And I can't seem to stop thinking about it.

"Check it out, Roz."

I startle at Sennai's voice, but manage to hold back an undignified yelp. Fortunately, he has his back to me, his eyes glued to the porthole beside him, staring out over the hundred-kilometer drop to Earth. Over eighty kilometers of nothing before there is even the suggestion of breathable air.

"I think we're just crossing the border," he says.

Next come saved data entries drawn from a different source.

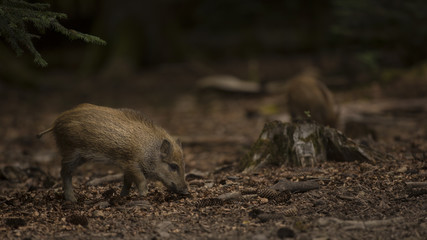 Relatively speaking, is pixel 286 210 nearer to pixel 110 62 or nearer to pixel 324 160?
pixel 324 160

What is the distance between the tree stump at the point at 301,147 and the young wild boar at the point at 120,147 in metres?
1.20

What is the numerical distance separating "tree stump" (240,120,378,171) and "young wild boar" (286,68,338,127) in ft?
4.95

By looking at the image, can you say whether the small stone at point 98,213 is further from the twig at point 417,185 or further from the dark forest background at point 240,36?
the dark forest background at point 240,36

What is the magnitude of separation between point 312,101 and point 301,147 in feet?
7.04

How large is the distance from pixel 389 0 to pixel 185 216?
813cm

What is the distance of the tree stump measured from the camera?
20.1 ft

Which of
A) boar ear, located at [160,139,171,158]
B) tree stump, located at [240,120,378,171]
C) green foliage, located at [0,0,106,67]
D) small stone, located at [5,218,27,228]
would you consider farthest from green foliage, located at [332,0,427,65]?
small stone, located at [5,218,27,228]

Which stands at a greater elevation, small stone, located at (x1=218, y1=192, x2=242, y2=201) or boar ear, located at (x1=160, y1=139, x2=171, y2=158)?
boar ear, located at (x1=160, y1=139, x2=171, y2=158)

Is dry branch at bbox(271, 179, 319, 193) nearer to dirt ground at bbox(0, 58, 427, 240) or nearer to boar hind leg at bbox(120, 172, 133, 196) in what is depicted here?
dirt ground at bbox(0, 58, 427, 240)

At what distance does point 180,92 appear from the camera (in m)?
14.8

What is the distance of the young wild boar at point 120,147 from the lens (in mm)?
5238

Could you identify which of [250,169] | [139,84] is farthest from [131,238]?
[139,84]

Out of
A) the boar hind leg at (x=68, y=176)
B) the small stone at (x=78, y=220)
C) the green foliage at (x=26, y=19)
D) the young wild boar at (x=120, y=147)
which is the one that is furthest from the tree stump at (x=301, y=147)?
the green foliage at (x=26, y=19)

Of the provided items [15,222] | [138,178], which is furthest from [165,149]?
[15,222] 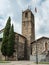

Unlike me, Sennai looks comfortable with the idea we might plummet to Earth like Icarus if something went wrong. Ambassador Pilger sits equally unperturbed, eyes closed, head resting comfortably against the back of his chair. How many times has he done this now? Ten? More?

"Come see this," Sennai says. He turns to me, revealing a sweep of clouds below that at this altitude seems like a continent-sized ice floe passing over the intense blue of the ocean.

My fingers tense around the armrests, and I have to make an effort to keep a neutral expression. Still, my voice sounds hoarse, the one thing I can't control. "That's all right. I believe you."

Damn the architect who felt space shuttles needed windows. Just standing close to my father's fifth-floor office window is enough to make my hands tremble. He's always telling me to stop whimpering.

"Come on, Roz," Sennai reproaches, "you have to actually look. Who else gets to see this?" But he's already distracted again, mesmerized by the view, removing the depths from my sight with his bushy hair.

I pull my nails out of the leather to rest my hands in my lap, but they are carried upward instead. No gravity in space. Of course not. I yank my hands back to my body.

Remember why you're here, I think to myself. Once you're back on the ground, this will all be over, and it will all be worth it.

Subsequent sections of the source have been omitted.